In 2 Koningen 18 lezen we over Koning Hizkia die de koperen slang stuksloeg. Ooit was die koperen slang een teken van redding voor de Israëlieten, maar nu was de slang zelf het object van aanbidding geworden. Hosea vernietigt hem samen met de gewijde stenen op de offerhoogten. Iets wat ooit een middel in Gods hand was geweest werd nu zelf vereerd, het was een doel in zichzelf geworden. Gaat het met de Geneefse Psalmen dezelfde weg? Gisteravond zat ik in de kerk naast een oudere vrouw, we raakten aan de praat en ik vertelde haar over mijn zoon en dat hij die moderne uitvoering zo mooi vond. Ze was daar blij mee maar vertelde me ook dat zij zelf liever de traditionele melodieën zong. “Gelukkig is er voor iedereen een lied” zei ze. Pas dan voel je je met elkaar verbonden in de kerk, als je er gelukkig van wordt als de ander een lied mag zingen waar hij of zij van geniet, ook al raakt het jezelf minder. Dat is een hele andere manier van liturgie beleven dan het zoeken naar de hoogste kwaliteit of het in stand houden van je eigen muzikale voorkeur, ten koste van alles. Het is zelfs een beetje gênant dat de herders van veel gemeenten meer oog hebben voor hun eigen muzikale smaak dan voor de betrokkenheid van de lammeren waarover ze gesteld zijn, en alle creatieve argumenten zoeken om dit een beetje te kunnen onderbouwen.

Oor voor elkaar
Het is de hoogste tijd dat we ophouden met het vellen van allerlei oordelen over elkaars liederen. Moderne liederen betekenen veel voor veel christenen, wat is het nut om die liederen dan af te gaan kraken? Je mag je zelfs afvragen of je geen grenzen oversteekt als je liederen waarmee God geprezen wordt wegzet als “oppervlakkig” of “te eenzijdig“. Er is altijd een stok om de hond mee te slaan maar meestal blijkt het een balk in ons eigen oog te zijn. In mijn tijd als jeugdleider en jeugdouderling viel het me telkens weer op hoe ruimhartig jongeren zijn. Veel van hen hadden niets met de traditionelere liederen maar gaven in gesprekken altijd aan dat ze die best wilden blijven zingen als ouderen er van genoten. Ze hoopten alleen dat er ook ruimte zou zijn voor hun liederen. Zelf ben ik door de jaren heen wat van die gun-factor kwijt geraakt. Nu als dertiger zou ik persoonlijk het liefst de hele santenkraam van het traditionele lied als een koperen slang kapot slaan. Daar ben ik niet trots op, soms heb ik angstdromen van mijzelf als oude man die nieuwe generaties jongeren dwingt om uit Psalmen voor Nu of Opwekking te zingen.
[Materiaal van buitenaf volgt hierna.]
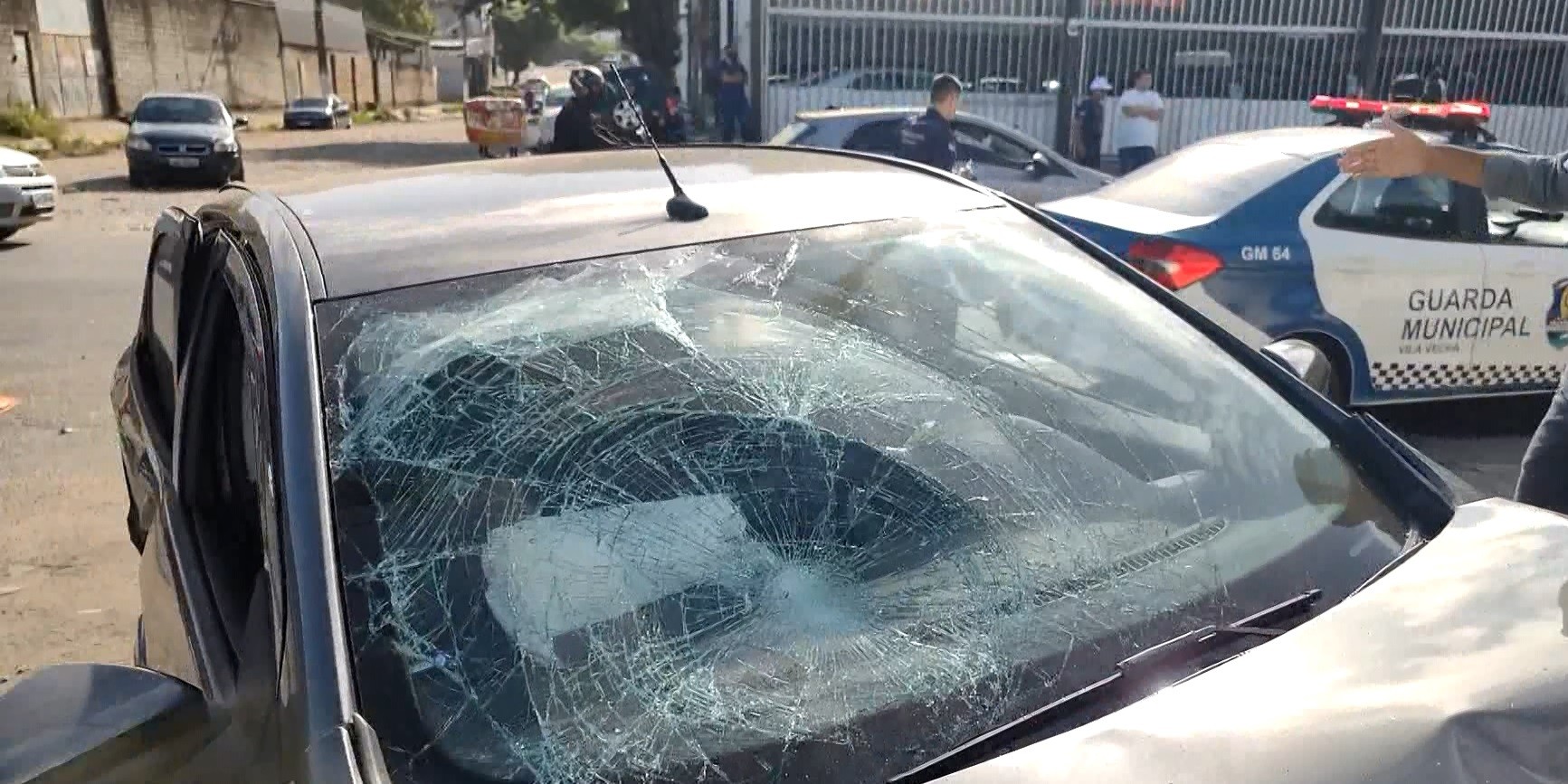 Motorista atropela ciclista, foge do local e depois bate em outro carro em Vila Velha, ES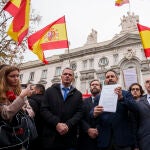 Vox presenta una querella contra Sanchez en el Tribunal Supremo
Misschien zou het goed zijn geweest als de troubadour even zijn mond had gehouden. Als hij even wat minder vervuld van zijn eigen stemgeluid zou zijn geweest en had gevraagd of de monniken eens wilden laten horen hoe zij altijd zongen. Misschien had hij daardoor wel een nieuw lied geleerd of de liefde voor God in hun ogen kunnen zien. Misschien hadden ze dan samen kunnen zingen. Wellicht had hij de monniken een beetje op weg kunnen helpen want er is niets mis mee om ook de muzikale kwaliteit van ons gezang te verbeteren. Oor voor elkaar hebben, luisteren naar elkaars liederen en eerbied hebben voor elk lied waarin God geprezen wordt, dat zou pas een goede traditie zijn!